Project aimed at utilizing Azure AI Text to Speech service to build a text reader for news sites, Wikipedia etc.
What is Azure Speech Service?
The Speech service provides speech to text and text to speech capabilities with a Speech resource. You can transcribe speech to text with high accuracy, produce natural-sounding text to speech voices, translate spoken audio, and use speaker recognition during conversations.

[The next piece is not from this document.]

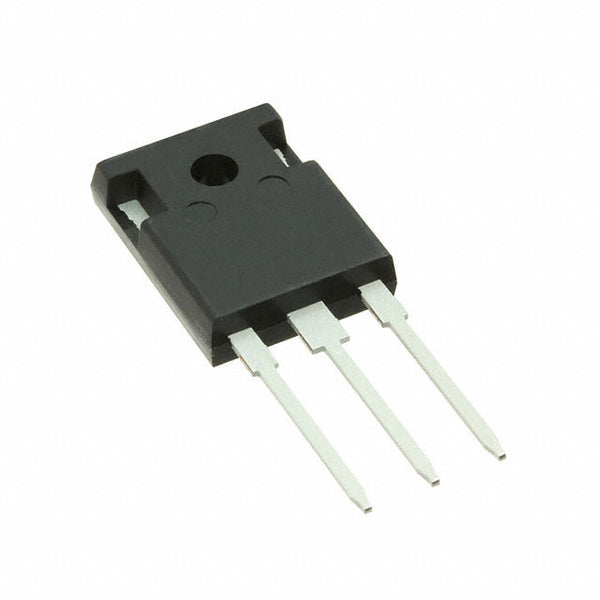 11N120CND 43A, 1200V MOSFET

Front is a chrome extension containing a popup.html to displayer the audio player and 3 layers of scripts:
i. content.js - to collect article text from page. ii. background.js - service worker to handle messages from content.js and popup.js. iii. popup.js - to fetch audio from backend and serve audio file to popup.html
- Currently popup.js retriggers fetch everytime it is closed and opened. We need to identify a way to persist the audio as long as the tab is open to reduce the calls to the backend.
- Create a more robust scraper for the frontend. Currently it is simply looking for the first article tag.
Backend is built on Express.js to serve requests from the front end. Currently, there is only one service - it accepts text and responds with a Readable Stream of WAV audio.
-
OPTIONS request for "/audio" handles pre-flight requests from chrome extension to prevent any CORS exceptions.
-
POST request for "/audio" calls the generateAudioFile function.
i. generateAudioFile creates a new instance of Azure speech configuration:
const speechConfig = sdk.SpeechConfig.fromSubscription(
process.env.SPEECH_KEY,
process.env.SPEECH_REGION
);
ii. A new instance of SpeechSynthesizer is created to perform speech synthesis audio.
var synthesizer = new sdk.SpeechSynthesizer(speechConfig);
iv. speakTextAsync produces an ArrayBuffer object called audioData. The function takes an ArrayBuffer as input and converts it to Buffer using Buffer.from(arrayBuffer). Then, it creates a Readable stream, pushes the Buffer data to the stream using stream.push(buffer), and finally signals the end of the stream using stream.push(null).